:: Input for this task ::
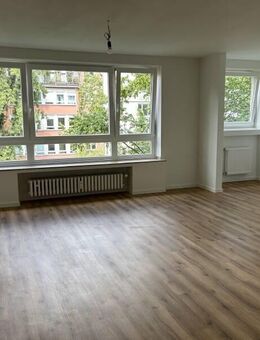 Kernsaniertes Apartment in direkter Nähe zum Chlodwigplatz! - Köln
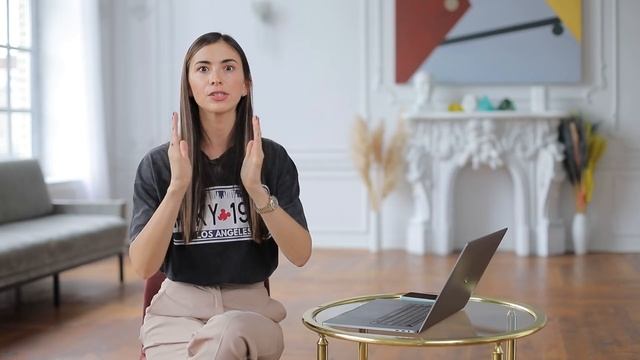 How To Raise Money For Your Business | Pitch Deck Tips смотреть онлайн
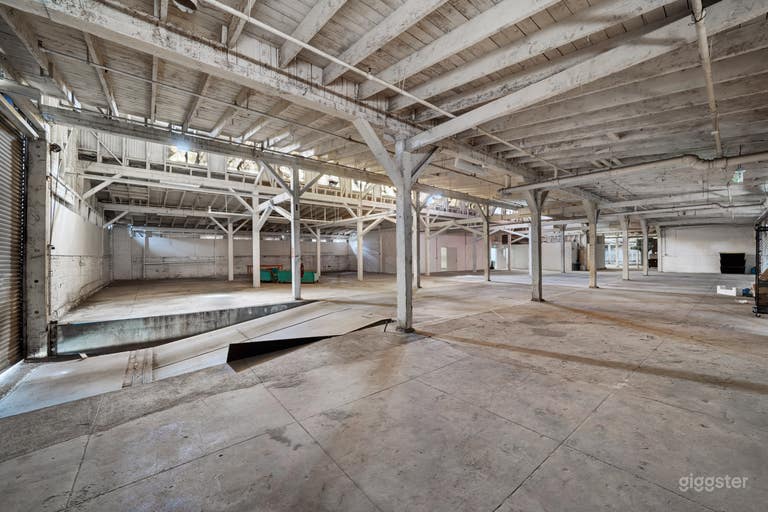  INDUSTRIAL WAREHOUSE WITH UNIQUE ART 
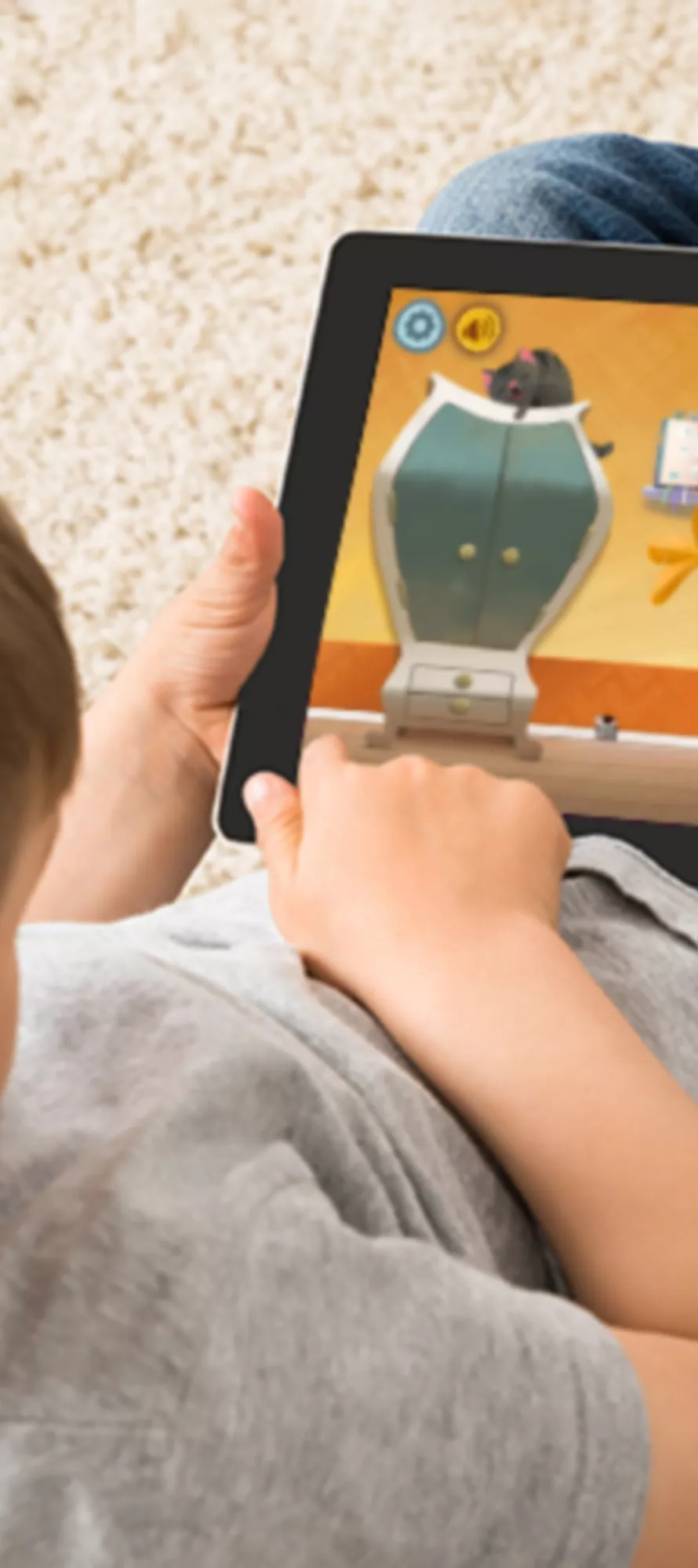 Junge spielt am Tablet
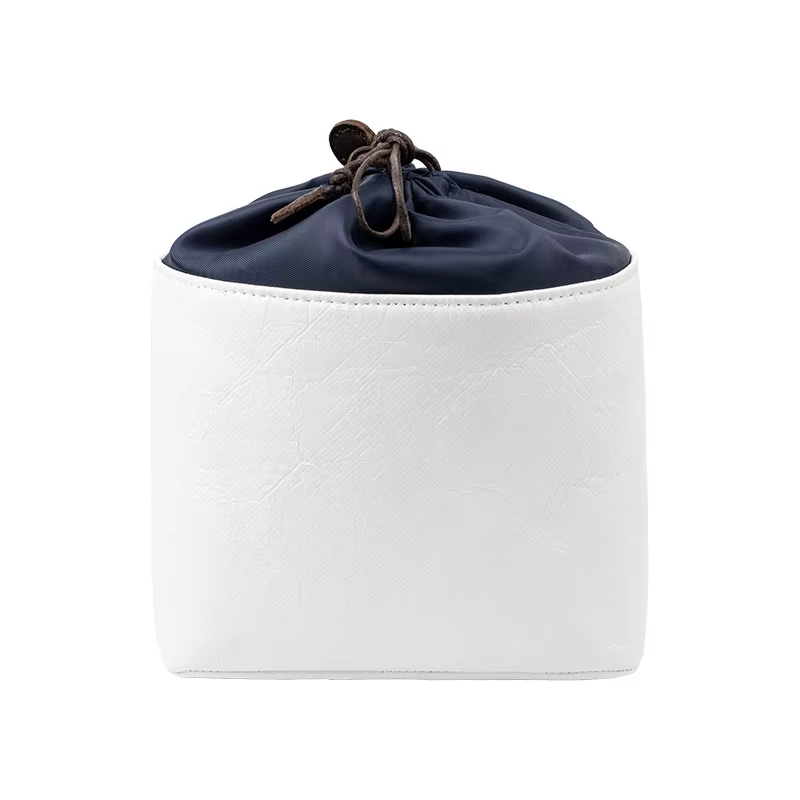 Sac seau imperméable avec monogramme et doublure intérieure en papier DuPont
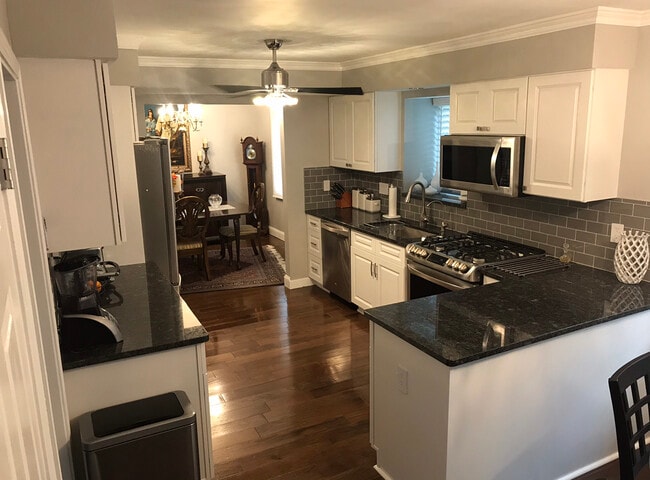 Photo - 4141 Rolling Meadow Ln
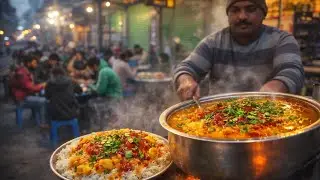 BEST ROAD SIDE 😍 BREAKFAST IN STREET FOOD PAKISTAN | WASEEM NASHTA POINT | PAKISTANI STREET FOOD 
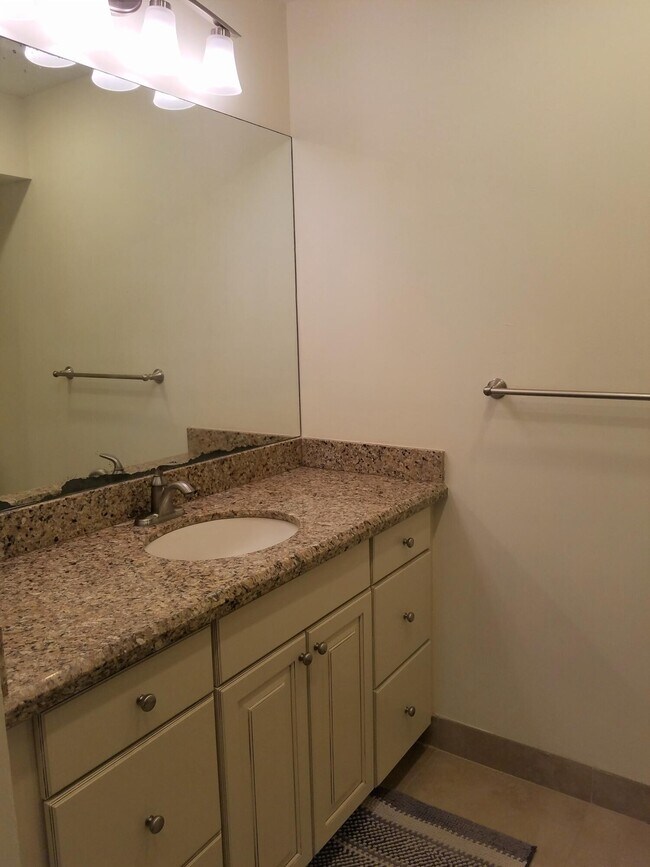 Building Photo - 326 Brackenwood Cir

:: Goal of the exercise ::
With the pictures removed, please retype each record exactly.

:: Solution to the exercise ::
 Kernsaniertes Apartment in direkter Nähe zum Chlodwigplatz! - Köln
 How To Raise Money For Your Business | Pitch Deck Tips смотреть онлайн
  INDUSTRIAL WAREHOUSE WITH UNIQUE ART 
 Junge spielt am Tablet
 Sac seau imperméable avec monogramme et doublure intérieure en papier DuPont
 Photo - 4141 Rolling Meadow Ln
 BEST ROAD SIDE 😍 BREAKFAST IN STREET FOOD PAKISTAN | WASEEM NASHTA POINT | PAKISTANI STREET FOOD 
 Building Photo - 326 Brackenwood Cir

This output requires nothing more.